On November 30, 2009, the Canadian Association of Pension Supervisory Authorities (CAPSA) released a consultation paper on "The Prudence Standard and the Roles of the Plan Sponsor and Plan Administrator in Pension Plan Funding and Investment" for comment.

The consultation paper is part of CAPSA's strategic initiative to promote consistency in the governance of pension funds and funding by:

  • examining the issues surrounding the application of the prudent person rule; and
  • developing a common approach to funding policies, recognizing the link to fund governance.

Although the consultation paper primarily focuses on defined benefit pension plans, it aims at providing guidance to pension plans of all types and sizes. The guidelines contained in the paper, if adopted, are not legal requirements, but are best practices. These guidelines provide useful clarification of the separate and distinct roles of a plan sponsor and a plan administrator and practical guidance and assistance to plan sponsors and plan administrators in pension plan funding and investment.

The consultation paper consists of the following main components:

  • Background. Under this part, the objectives of the guidelines are set out. The paper confirms the industry understanding of the different roles of a plan sponsor and a plan administrator (and the dual roles of an employer, as plan sponsor and administrator, in a single-employer pension plan with different responsibilities).

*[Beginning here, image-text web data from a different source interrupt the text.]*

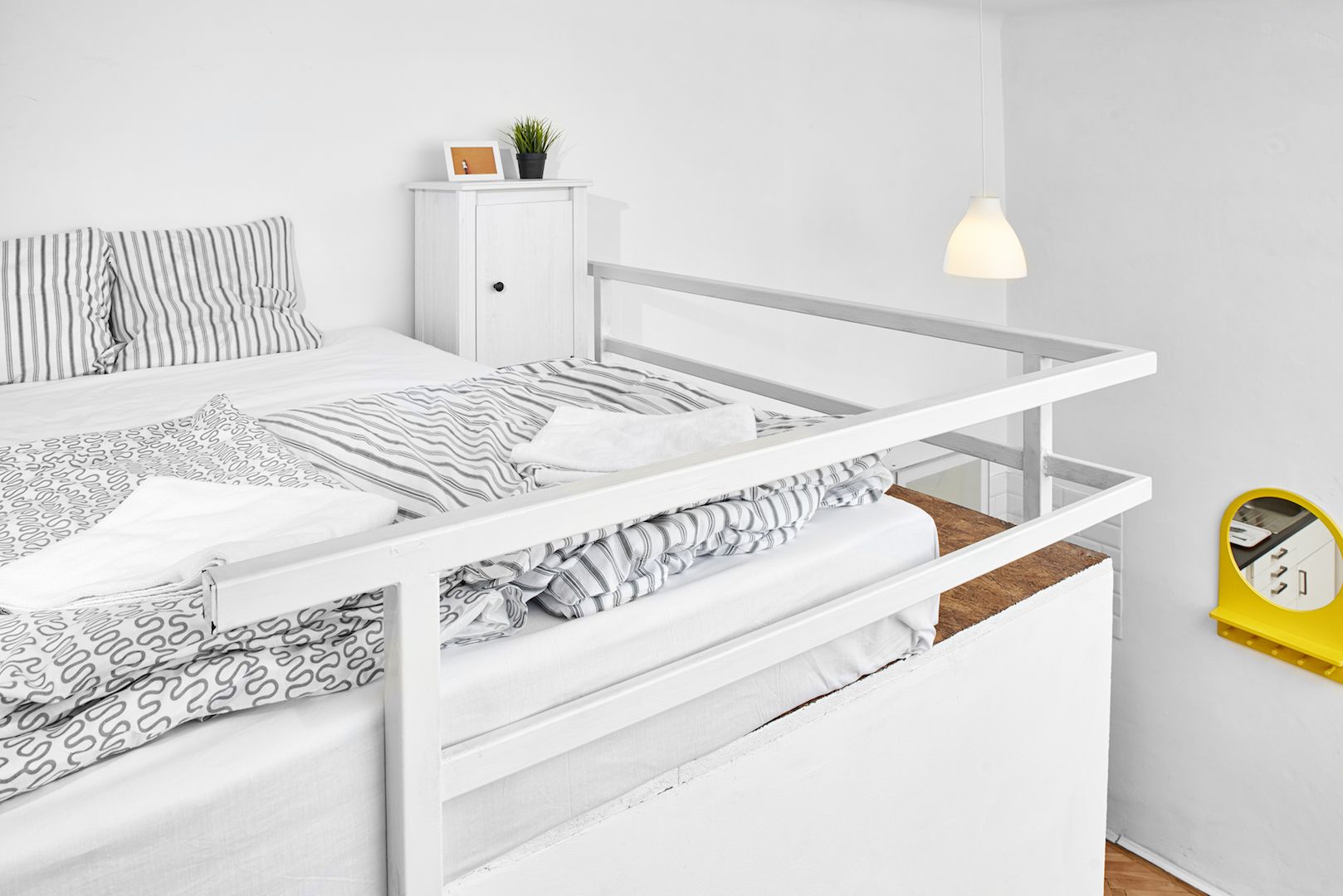 A white bunk bed with striped bedding, a small cabinet with a plant, and a yellow clock on the wall.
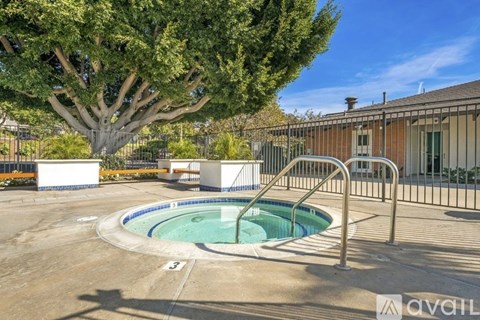A pool surrounded by a fence with a tree in the background.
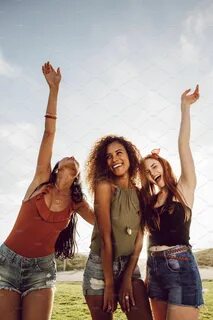 Female friends enjoying summer containing african, beach, an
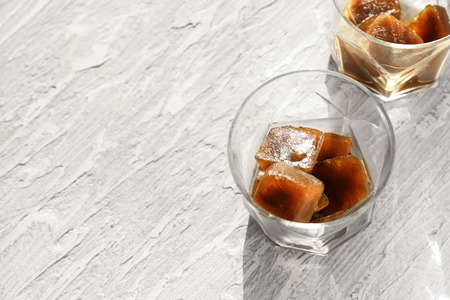 Glasses with coffee ice cubes on tableの写真素材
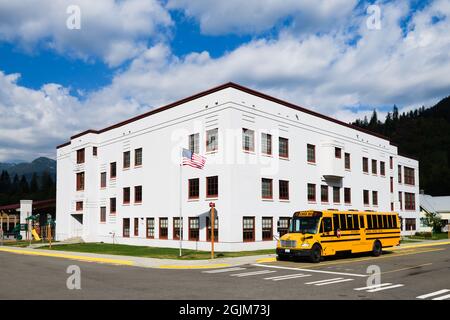 Skykomish, WA, USA - September 08, 2021; The K-12 rural school building in the Cascade Mountain town of Skykomish Washington with a yellow school bus Stock Photo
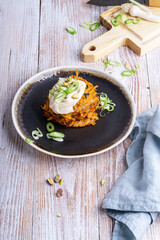 Sweet potato fritters.with hummus and pistachios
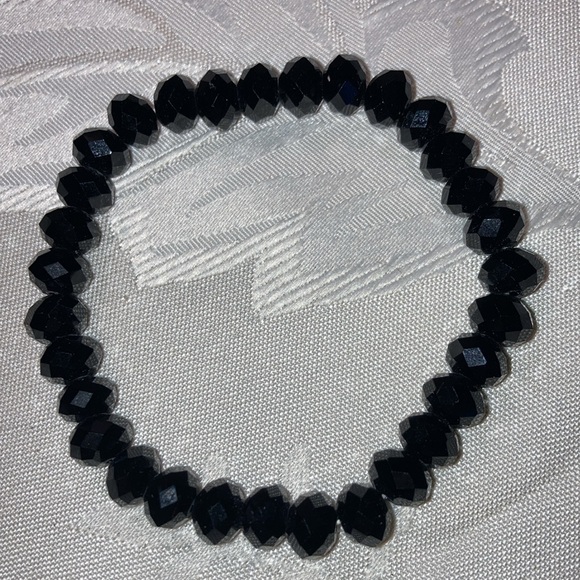 Bracelet w/blk glass faceted beads on elastic so fits most wrists.    $9 - Picture 3 of 3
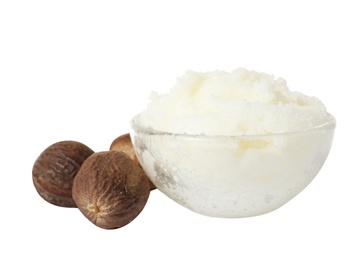 Shea butter in bowl and nuts isolated on white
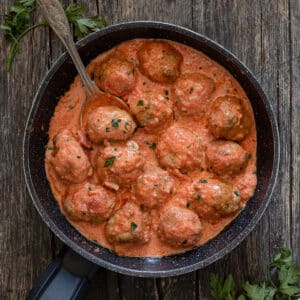 Meatballs in a cream sauce in a black pan.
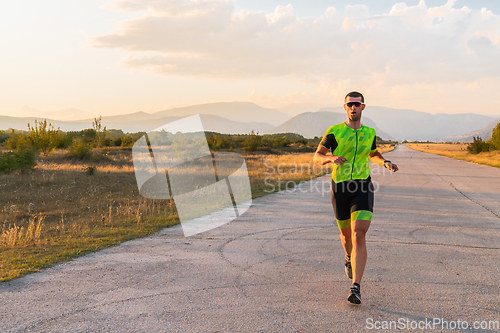 Image of Triathlete in professional gear running early in the morning, preparing for a marathon, dedication to sport and readiness to take on the challenges of a marathon.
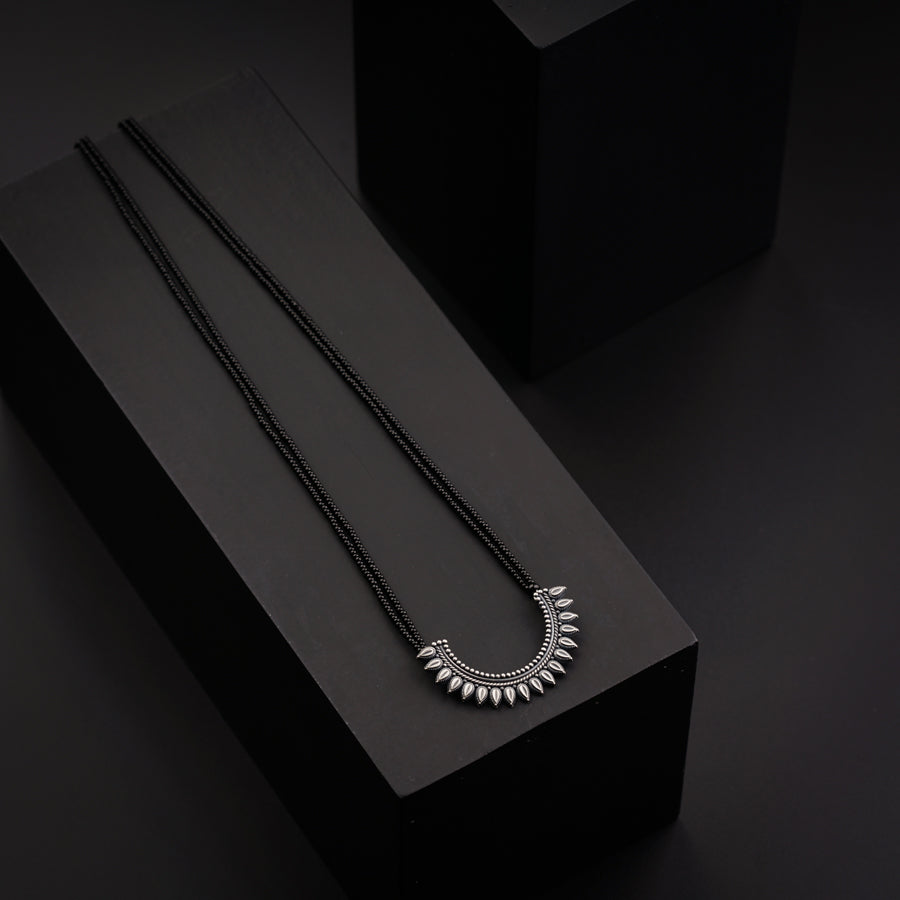 two necklaces sitting on top of a black box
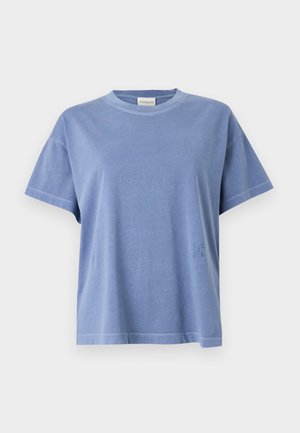 Light blue cotton t-shirt with short sleeves, a round neckline, and a small embroidered logo on the left side. Smooth texture and relaxed fit.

It explains those governance principles in CAPSA's Pension Plan Governance Guideline which are applicable to funding and investment processes.
  • The Prudent Person Rule. The prudent person rule is an important concept throughout the paper. This rule applies to fiduciaries (like plan administrators) in performing their duties. The rule emphasizes processes (i.e., procedural prudence) rather than end results. Comprehensive governance documents, effective decision-making processes, properly documented delegation procedures and monitoring, ongoing risk and performance monitoring, proper code of conduct and communication policy are stated to be key elements of procedural prudence. The importance of procedural prudence is apparent since when the regulator examines a plan administrator's funding and investment activities, the regulator focuses on the process that was used, looking for evidence that the prudent person rule was applied to investments and that due diligence was exercised for funding and investment activities.
  • Funding. The paper distinguishes between the funding issues of a defined benefit (DB) pension plan and those of a defined contribution (DC) pension plan. The major concern of a DB pension plan is to ensure that sufficient assets will be maintained to deliver the promised pension benefits on an ongoing basis. The paper suggests that plan sponsors of DB pension plans adopt a funding policy to address this issue. The major funding issue of a DC pension plan is the adequacy of employer and employee contributions to produce the initially intended post-retirement income level. The paper recommends that a plan sponsor of a DC pension plan periodically review the adequacy of contributions to address this concern. The paper discusses the advantages of having a funding policy and the key components of such a policy. It recognizes the close inter-relationship between the funding policy and the statement of investment policies and procedures (SIPP) of a DB pension plan and the special considerations applicable in developing the funding policy of a multiemployer pension plan.
  • Investment. The paper stresses the important fiduciary responsibility of a plan administrator in the prudent investment of the pension fund's assets. In assessing whether a plan administrator has discharged its responsibility, the administrator's conduct and decision-making process, rather than the result (gain or loss) of a particular investment decision, will be examined. One of the recommendations of the paper is the adoption of an overall investment policy by a plan administrator to complement the mandatory SIPP required by pension legislation. An investment policy is broader in scope and more detailed in outlining administrative procedures.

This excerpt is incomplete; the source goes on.